When a person is baptized with the holy Spirit, the holiness of God is immediately transferred to him. This initial experience of being sanctified is called the baptism of the holy Ghost and is also called “conversion”, “the new birth”, “the washing away of sins”, “redemption”, etc. Its many titles notwithstanding, it is one instantaneous experience.
(Some groups teach that before one can receive the baptism of the Spirit, he must sanctify himself by conforming to a certain style of dress and conduct, but conformity to an external, specified norm is not sanctification. In Christ Jesus, sanctification is accomplished only by the holy Spirit.)
But the nature of sanctification is such that, while it may have an instantaneous beginning, there is growth in it. Entire sanctification is a process. This is actually a maturing in the knowledge of what sanctification entails, for when we are first sanctified, we are “as babes in Christ” and it takes time for us to break old habits and to realize what kind of new creature God has made us in Christ. In the verses that follow, Paul exhorts us to pursue this entire sanctification (1Thess. 5:12-24). May God help us all attain to this perfect, holy lifestyle:
“And we beseech you, brothers, to acknowledge those who labor among you and who rule over you in the Lord and instruct you, and to esteem them as highly as possible in love because of their work. Be at peace among yourselves. We exhort you, brothers; warn the disorderly, cheer up the faint-hearted, hold on to the weak, be long-suffering with everybody. See that no one repays evil for evil to anyone; rather, always pursue what is good, both for one another and for all men.”

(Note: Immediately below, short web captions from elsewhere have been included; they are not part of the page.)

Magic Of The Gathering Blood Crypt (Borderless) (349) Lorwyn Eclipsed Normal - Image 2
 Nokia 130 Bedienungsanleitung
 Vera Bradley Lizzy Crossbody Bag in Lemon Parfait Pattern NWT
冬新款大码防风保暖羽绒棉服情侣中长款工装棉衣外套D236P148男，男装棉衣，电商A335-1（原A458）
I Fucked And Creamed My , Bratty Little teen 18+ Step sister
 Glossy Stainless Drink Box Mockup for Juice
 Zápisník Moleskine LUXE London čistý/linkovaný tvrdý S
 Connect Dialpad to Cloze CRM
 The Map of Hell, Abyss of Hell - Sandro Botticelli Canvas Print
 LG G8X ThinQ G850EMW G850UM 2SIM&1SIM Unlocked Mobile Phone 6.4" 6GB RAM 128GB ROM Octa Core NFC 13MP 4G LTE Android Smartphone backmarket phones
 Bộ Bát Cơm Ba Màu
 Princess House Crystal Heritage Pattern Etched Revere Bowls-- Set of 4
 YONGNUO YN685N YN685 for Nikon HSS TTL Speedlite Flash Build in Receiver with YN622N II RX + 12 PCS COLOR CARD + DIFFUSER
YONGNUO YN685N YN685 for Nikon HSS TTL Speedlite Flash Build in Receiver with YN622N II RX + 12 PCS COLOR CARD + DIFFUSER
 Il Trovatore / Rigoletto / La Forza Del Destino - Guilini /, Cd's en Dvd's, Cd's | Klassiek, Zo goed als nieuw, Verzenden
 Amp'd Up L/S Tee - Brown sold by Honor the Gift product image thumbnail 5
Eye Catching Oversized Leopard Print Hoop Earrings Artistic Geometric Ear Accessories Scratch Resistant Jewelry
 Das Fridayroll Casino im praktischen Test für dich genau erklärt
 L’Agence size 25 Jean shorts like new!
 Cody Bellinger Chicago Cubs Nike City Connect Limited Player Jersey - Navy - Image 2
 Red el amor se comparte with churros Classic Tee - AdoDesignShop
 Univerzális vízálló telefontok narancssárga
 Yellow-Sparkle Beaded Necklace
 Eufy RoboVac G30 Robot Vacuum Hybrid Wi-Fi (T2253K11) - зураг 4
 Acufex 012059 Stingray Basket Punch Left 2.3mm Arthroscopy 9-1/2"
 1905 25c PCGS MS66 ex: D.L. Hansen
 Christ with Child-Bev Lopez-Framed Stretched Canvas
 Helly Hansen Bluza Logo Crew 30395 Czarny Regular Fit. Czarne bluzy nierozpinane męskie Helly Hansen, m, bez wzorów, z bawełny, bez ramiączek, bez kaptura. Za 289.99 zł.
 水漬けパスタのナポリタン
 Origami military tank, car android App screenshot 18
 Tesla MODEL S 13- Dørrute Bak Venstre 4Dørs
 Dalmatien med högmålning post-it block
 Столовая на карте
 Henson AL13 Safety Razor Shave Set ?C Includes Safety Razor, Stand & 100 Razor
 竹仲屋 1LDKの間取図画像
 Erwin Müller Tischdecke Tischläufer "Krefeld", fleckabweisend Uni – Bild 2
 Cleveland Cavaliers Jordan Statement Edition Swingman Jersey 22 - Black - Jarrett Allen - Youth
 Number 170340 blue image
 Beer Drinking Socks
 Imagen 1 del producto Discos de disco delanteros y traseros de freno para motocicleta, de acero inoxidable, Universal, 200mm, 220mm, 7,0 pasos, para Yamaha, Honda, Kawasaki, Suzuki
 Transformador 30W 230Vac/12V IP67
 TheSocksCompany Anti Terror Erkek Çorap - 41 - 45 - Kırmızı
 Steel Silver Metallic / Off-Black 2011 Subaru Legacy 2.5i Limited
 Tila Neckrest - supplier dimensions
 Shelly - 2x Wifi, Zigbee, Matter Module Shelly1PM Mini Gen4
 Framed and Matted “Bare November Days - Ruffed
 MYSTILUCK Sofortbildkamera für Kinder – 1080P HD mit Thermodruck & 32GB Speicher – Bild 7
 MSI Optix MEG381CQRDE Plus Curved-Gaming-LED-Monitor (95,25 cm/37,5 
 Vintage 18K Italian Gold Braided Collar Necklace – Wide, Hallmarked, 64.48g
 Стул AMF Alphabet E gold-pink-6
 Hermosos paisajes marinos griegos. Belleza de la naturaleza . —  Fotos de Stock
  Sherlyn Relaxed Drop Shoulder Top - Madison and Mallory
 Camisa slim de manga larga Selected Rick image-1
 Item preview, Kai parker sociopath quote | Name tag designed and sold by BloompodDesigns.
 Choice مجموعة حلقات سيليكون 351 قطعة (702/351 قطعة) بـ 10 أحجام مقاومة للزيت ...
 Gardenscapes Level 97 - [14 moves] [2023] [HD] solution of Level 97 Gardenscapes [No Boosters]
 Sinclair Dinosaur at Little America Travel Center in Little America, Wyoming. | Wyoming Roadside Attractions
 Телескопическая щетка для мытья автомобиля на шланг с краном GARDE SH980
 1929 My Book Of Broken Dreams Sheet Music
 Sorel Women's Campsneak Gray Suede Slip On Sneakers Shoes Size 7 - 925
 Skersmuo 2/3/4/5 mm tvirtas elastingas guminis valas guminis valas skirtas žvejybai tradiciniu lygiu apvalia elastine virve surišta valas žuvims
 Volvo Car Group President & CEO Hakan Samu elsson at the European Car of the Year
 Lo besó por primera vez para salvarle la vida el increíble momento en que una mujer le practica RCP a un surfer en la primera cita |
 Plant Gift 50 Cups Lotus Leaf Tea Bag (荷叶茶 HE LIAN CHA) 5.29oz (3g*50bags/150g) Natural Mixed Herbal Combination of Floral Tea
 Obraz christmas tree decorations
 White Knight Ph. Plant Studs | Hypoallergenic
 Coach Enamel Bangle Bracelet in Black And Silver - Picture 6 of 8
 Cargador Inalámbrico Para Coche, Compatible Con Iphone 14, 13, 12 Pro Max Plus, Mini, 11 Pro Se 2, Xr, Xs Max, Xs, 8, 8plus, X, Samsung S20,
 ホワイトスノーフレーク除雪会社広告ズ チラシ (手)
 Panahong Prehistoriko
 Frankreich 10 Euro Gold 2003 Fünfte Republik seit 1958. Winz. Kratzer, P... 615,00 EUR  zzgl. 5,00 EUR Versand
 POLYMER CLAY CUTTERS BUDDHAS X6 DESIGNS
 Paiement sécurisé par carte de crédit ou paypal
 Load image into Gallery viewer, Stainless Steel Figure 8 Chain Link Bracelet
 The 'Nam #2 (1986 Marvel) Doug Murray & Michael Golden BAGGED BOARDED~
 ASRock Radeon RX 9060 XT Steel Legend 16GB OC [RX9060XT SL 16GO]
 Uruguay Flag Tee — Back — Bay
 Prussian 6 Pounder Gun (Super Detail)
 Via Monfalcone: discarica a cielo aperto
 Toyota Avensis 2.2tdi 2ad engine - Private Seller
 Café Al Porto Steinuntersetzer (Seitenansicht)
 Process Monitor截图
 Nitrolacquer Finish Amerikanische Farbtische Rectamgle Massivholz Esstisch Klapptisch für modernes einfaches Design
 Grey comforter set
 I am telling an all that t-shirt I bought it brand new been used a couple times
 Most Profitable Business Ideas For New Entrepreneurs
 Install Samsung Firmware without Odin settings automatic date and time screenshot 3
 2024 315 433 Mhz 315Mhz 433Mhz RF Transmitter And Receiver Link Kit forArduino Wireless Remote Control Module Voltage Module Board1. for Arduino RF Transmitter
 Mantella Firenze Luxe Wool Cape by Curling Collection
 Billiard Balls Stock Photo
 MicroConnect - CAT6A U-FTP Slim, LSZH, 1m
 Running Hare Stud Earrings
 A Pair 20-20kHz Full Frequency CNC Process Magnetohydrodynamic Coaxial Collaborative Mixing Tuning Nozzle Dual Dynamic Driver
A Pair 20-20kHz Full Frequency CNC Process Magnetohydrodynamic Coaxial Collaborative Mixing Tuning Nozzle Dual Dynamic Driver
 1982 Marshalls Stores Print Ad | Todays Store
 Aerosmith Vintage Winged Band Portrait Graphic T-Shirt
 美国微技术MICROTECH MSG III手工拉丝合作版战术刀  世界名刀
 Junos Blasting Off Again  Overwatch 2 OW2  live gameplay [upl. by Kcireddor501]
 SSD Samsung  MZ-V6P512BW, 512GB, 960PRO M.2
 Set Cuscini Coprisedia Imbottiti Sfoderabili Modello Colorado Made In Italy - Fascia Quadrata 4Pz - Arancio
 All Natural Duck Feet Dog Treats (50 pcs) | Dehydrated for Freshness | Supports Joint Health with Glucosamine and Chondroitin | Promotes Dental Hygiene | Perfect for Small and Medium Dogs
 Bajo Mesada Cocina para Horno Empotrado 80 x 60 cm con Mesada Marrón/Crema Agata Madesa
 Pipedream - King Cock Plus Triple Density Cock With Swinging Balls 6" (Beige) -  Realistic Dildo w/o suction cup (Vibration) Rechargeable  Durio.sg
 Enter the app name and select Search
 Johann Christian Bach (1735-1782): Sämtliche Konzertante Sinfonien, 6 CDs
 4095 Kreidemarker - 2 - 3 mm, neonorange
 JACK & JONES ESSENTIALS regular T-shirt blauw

“Rejoice always; pray continually; in everything give thanks, for this is the will of God in Christ Jesus for you. Do not quench the Spirit; do not despise prophecies; but put everything to the test; hold on to what is good, and avoid every appearance of evil.”
“And now, may the God of peace Himself sanctify you completely, and may your whole spirit and soul and body be preserved blameless until the coming of our Master, Jesus Christ. Faithful is he who calls you, who also will do it.”